-- WHAT YOU SHOULD DO --
Give again only the lines from the line that holds "c. How much" to the end of the data, inclusive, omitting all pictures.

-- GIVEN DATA --
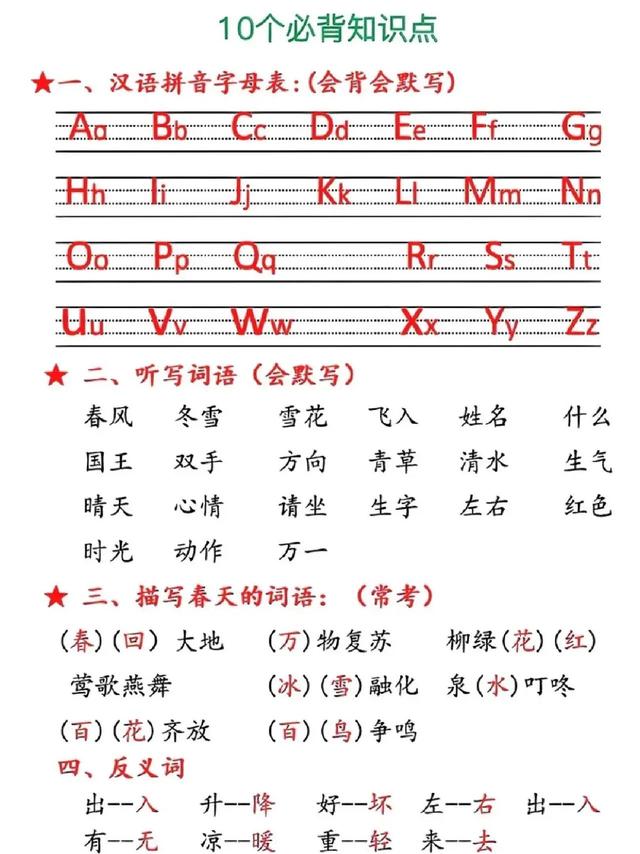 常用的天气符号，18个常用的天气符号复制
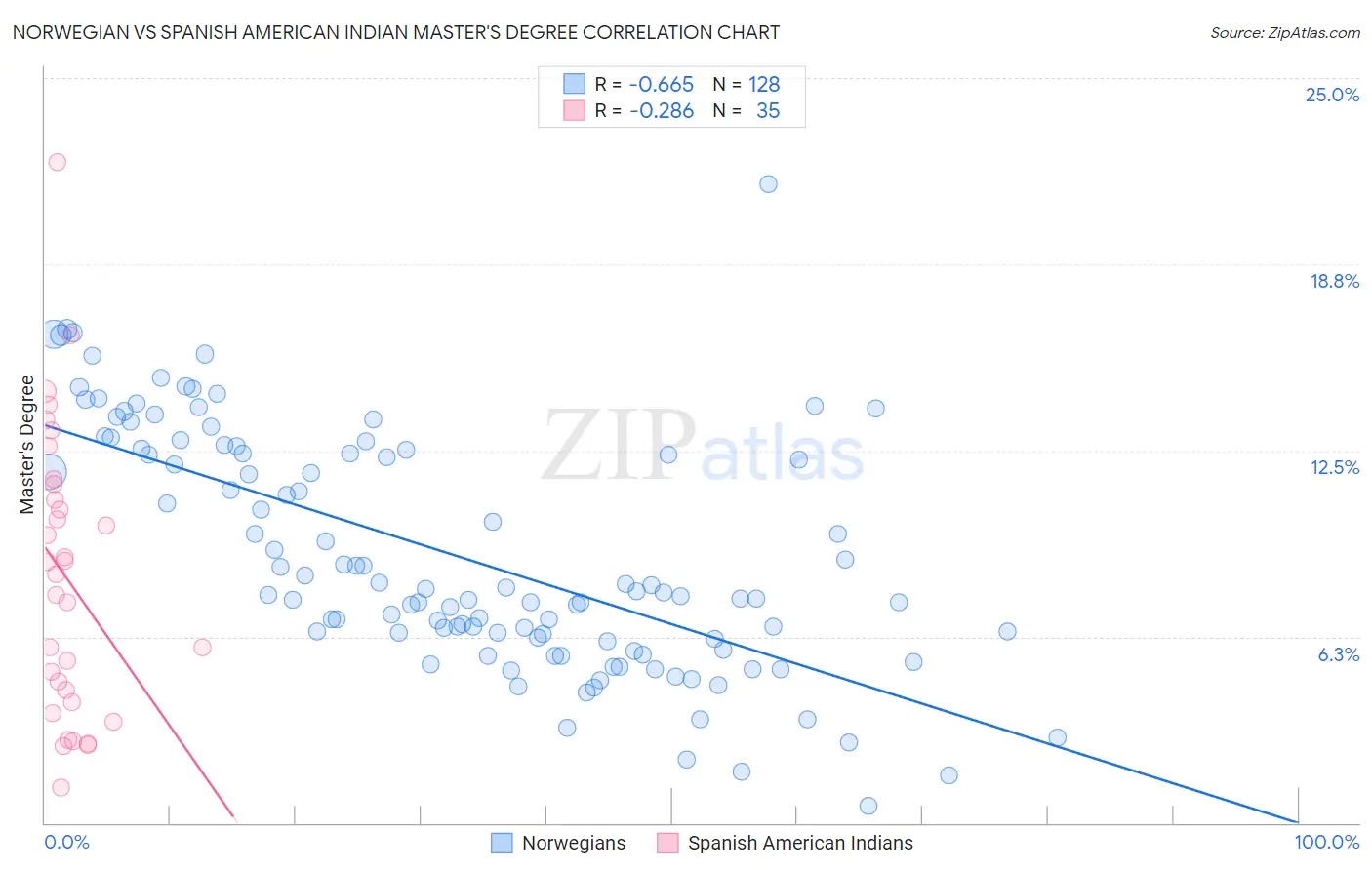 Norwegian vs Spanish American Indian Master's Degree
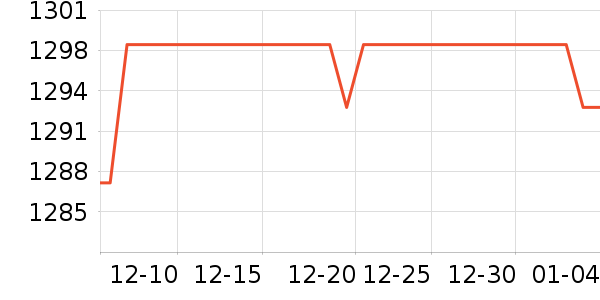 ��ˮ����ʷ�۸�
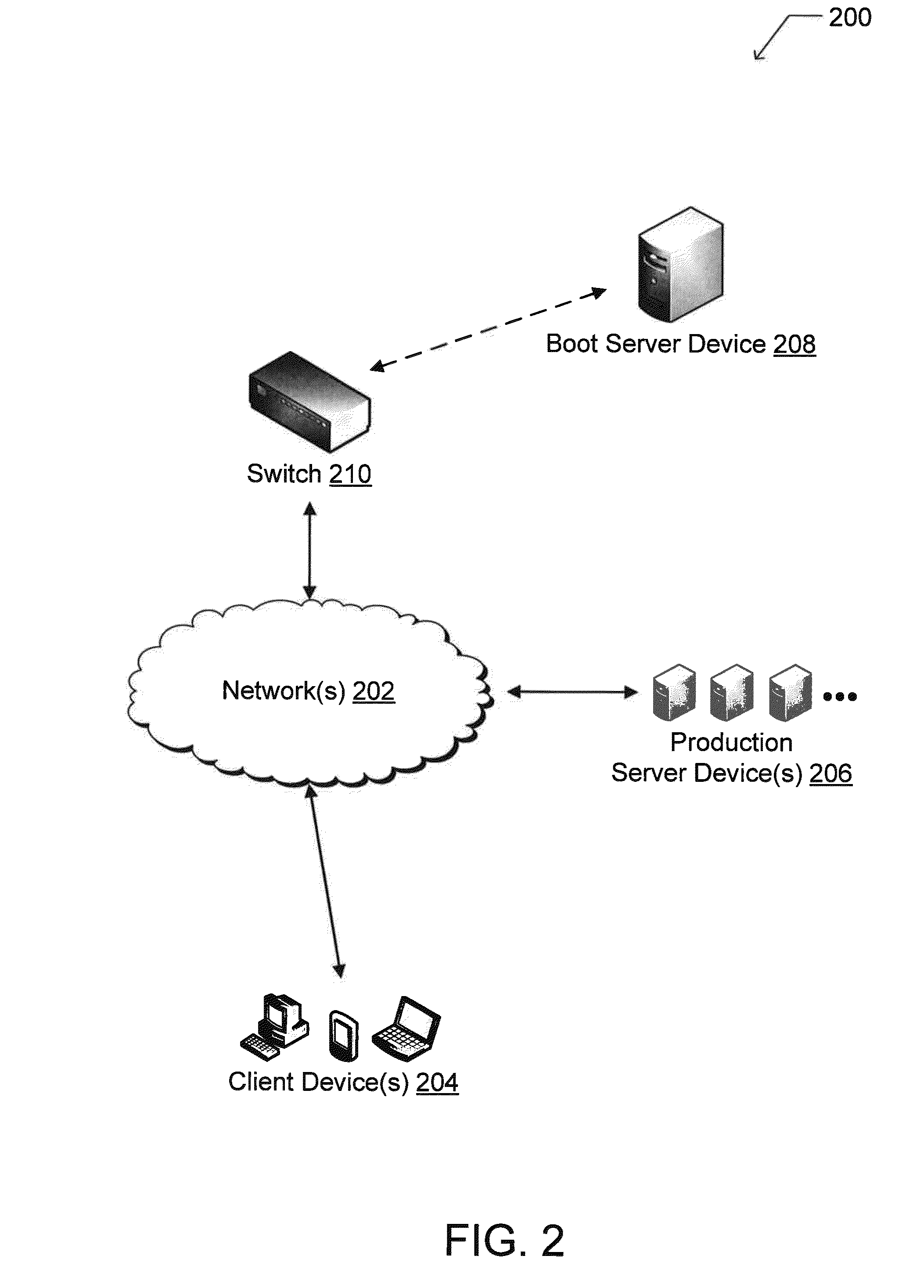Attestation protocol for securely booting a guest operating system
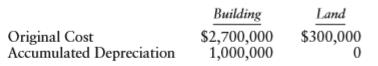 Molly, whose tax rate is 39.6%, sells an apartment complex for $4.5 million with 10% of the price allocated to land. The apartment complex was purchased in 1993. She has no other sales or exchanges during the year and no nonrecaptured net Sec. 1231 losses. Information about the assets at the time of sale is:
a. What is the recognized gain on the sale of the building and the character of the gain?
b. What is the recognized gain on the sale of the land and the character of the gain?
c. How much of the Sec. 1231 gain is taxed at 25%?
d. If Molly has NSTCL of $50,000, will the capital loss reduce the Sec. 1231 gain taxed at 25% or 20%?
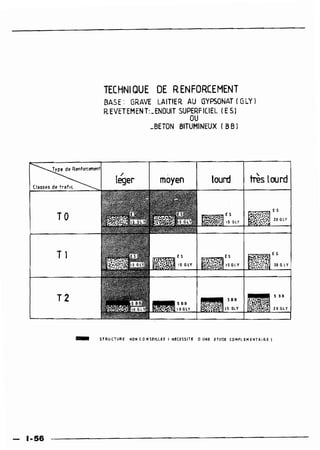 Guide des renforcements fascicule 1 6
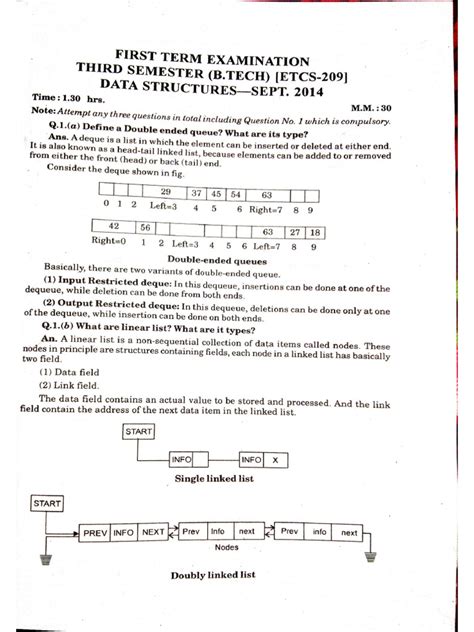 BCA Data Structure Notes of 3rd Sem に対する画像結果
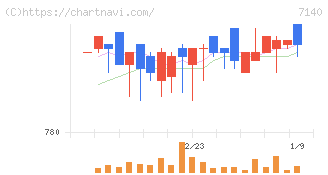 ペットゴー(7140)の日足チャート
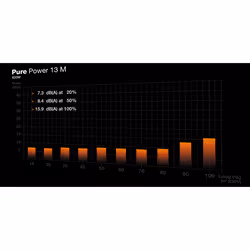 be quiet! Pure Power 13 M | 650W alimentatore per computer 20+4 pin ATX ATX Nero - Vista aggiuntiva 5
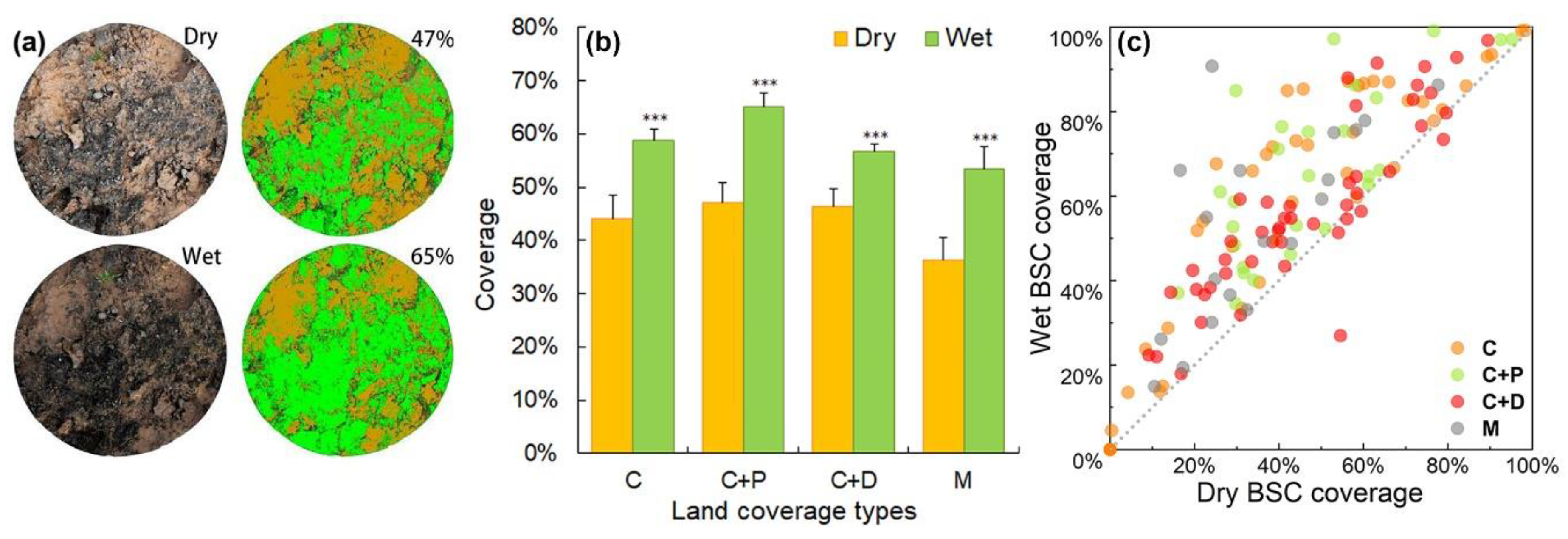 Remotesensing 12 01158 g005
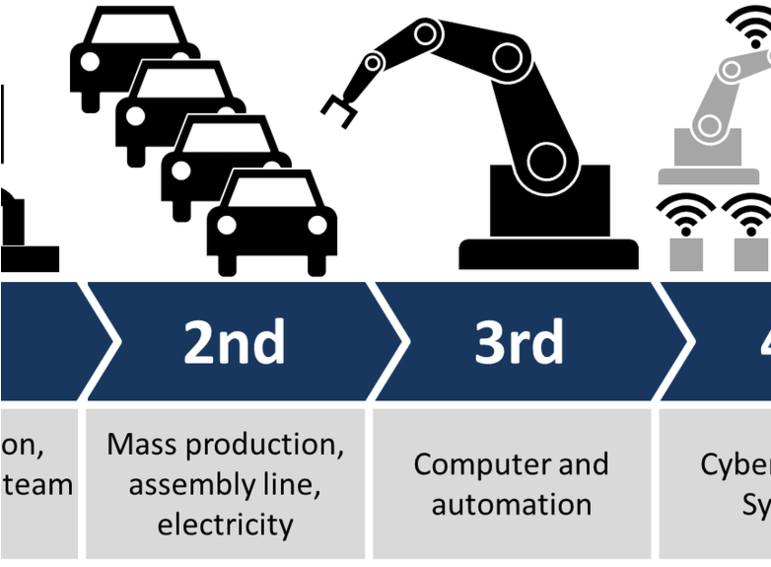 How Brand New Science Will Manage The Fourth Industrial - Phillip Island (770x578), Png Download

-- ANSWER TO THIS EXERCISE --
c. How much of the Sec. 1231 gain is taxed at 25%?
d. If Molly has NSTCL of $50,000, will the capital loss reduce the Sec. 1231 gain taxed at 25% or 20%?
 Guide des renforcements fascicule 1 6
 BCA Data Structure Notes of 3rd Sem に対する画像結果
 ペットゴー(7140)の日足チャート
 be quiet! Pure Power 13 M | 650W alimentatore per computer 20+4 pin ATX ATX Nero - Vista aggiuntiva 5
 Remotesensing 12 01158 g005
 How Brand New Science Will Manage The Fourth Industrial - Phillip Island (770x578), Png Download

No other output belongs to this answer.